**PROVIDED MATERIAL**:
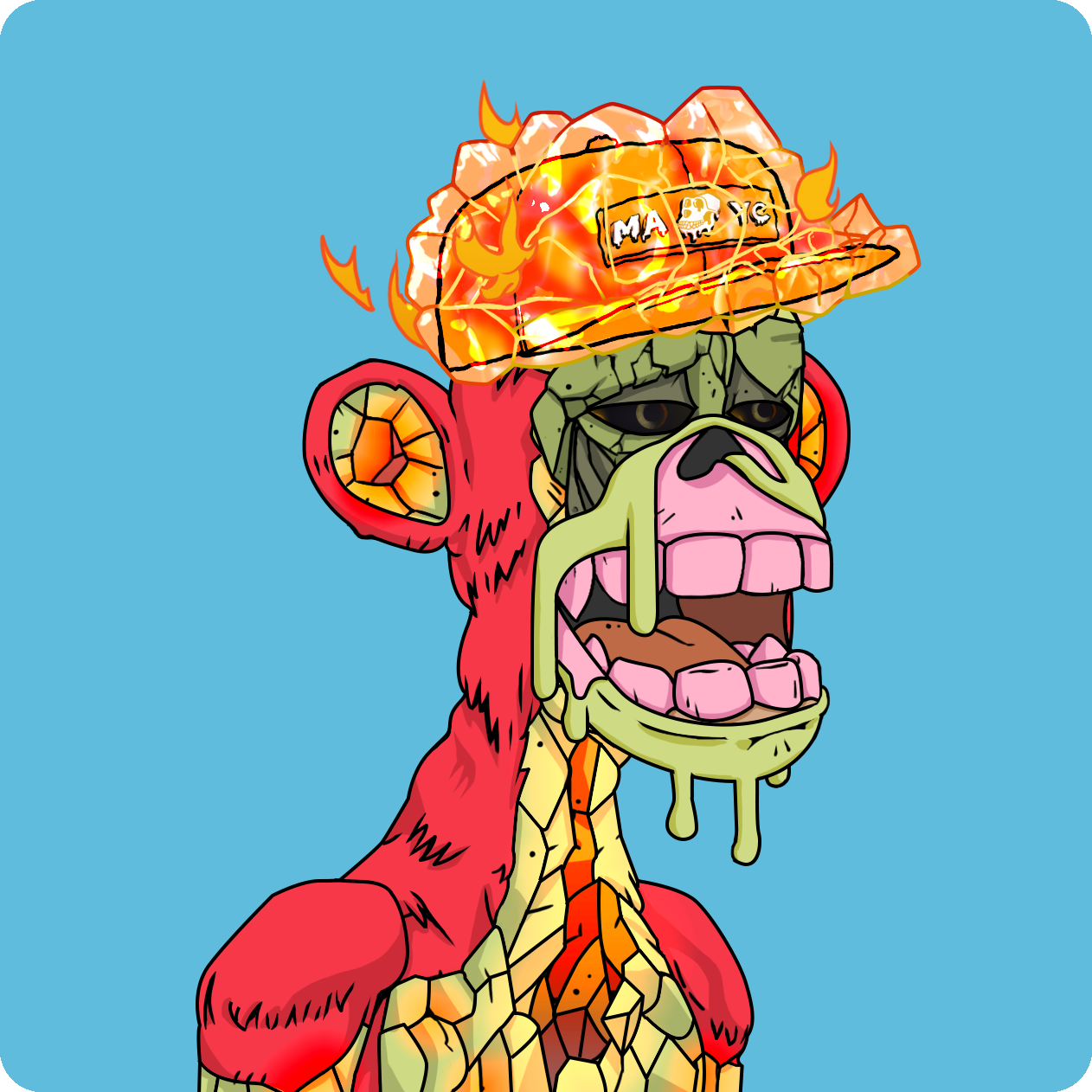 Yuga Labs - Mutant Ape Yacht Club - NFT # 18782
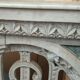 Wooden and marble gate, old Charles X era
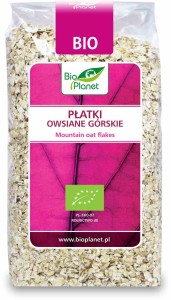 Płatki owsiane górskie BIO 300 g od BIO PLANET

**ABOUT THIS TASK**: Exclude the images and output the lines above exactly.

**YOUR SOLUTION**:
 Yuga Labs - Mutant Ape Yacht Club - NFT # 18782
 Wooden and marble gate, old Charles X era
 Płatki owsiane górskie BIO 300 g od BIO PLANET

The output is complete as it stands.